By Saturday afternoon, the Electoral Commission said millionaire opposition candidate Raila Odinga was leading with 3.7 million votes to President Mwai Kibaki's 3.4 million, with 159 of the 210 constituencies counted.
"We are confident that (Odinga) has won the election," said his campaign manager, Mohamed Isahakia.
President Mwai Kibaki's Party of National Unity also said it was winning.
"We in PNU have added all our figures and we are pleased to announce that Honorable Mwai Kibaki is winning this year's election," said Noah Wekesa, Kenya's minister for science and technology.
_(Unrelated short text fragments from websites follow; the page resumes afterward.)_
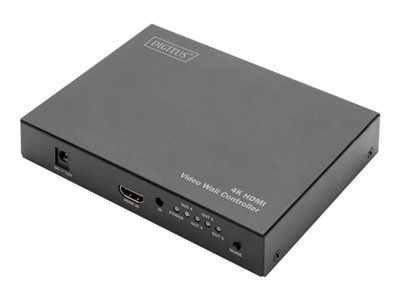 DIGITUS HDMI 2x2 Videowand-Prozessor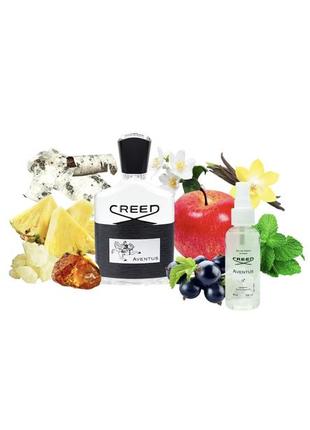 Парфумована вода чоловіча creed aventus 68 ml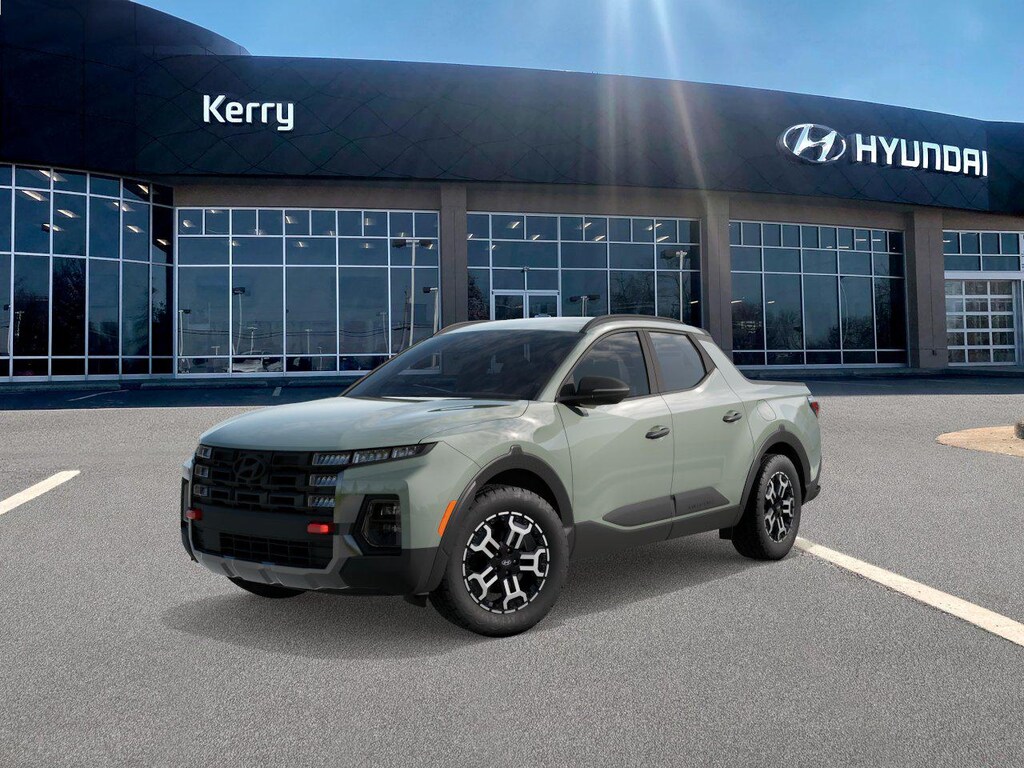 New 2026 Hyundai Santa Cruz XRT Pickup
There was potential for even more delays, however, due to the complicated rules for winning. A presidential candidate has to get the most votes as well as garner at least 25 percent of votes in five of Kenya's eight provinces, a move aimed at ensuring a president has some support in most of the country and its many tribes.
The trickle of results ignited tensions in the capital and opposition strongholds Saturday.
In the Kibera slum, Odinga's main constituency, young men with fingers still stained with voting ink were shouting "No Raila, No Kenya!"
- an ominous call to declare him the winner. Hundreds of people swarmed out of the slum, heading for town, but police used tear gas to chase them back.
Smoke was billowing out of Kibera as homes, trees and stalls caught fire.
Hamisi Noor, 22, who was standing in front of his burned-out home in Kibera, said a crowd threatened him with machetes before setting his home on fire and cutting his father across the face.
Noor, a member of Kibaki's Kikuyu tribe, said his assailants belonged to Odinga's Luo tribe. "I don't know who they were," said Noor, his trousers covered in blood and mud. "But they were Luos."
Police were blocking off streets as young men climbed up billboards to rip down Odinga posters in the capital of Nairobi, about 6 miles outside the deserted city center.
"Kibaki come back!" the men shouted as they waved machetes and sticks.
There were no immediate reports of serious injuries.
U.S. Ambassador Michael Ranneberger appealed for calm.
"Give this process a chance to be finished," he said. "This is the time for Kenyans to come together."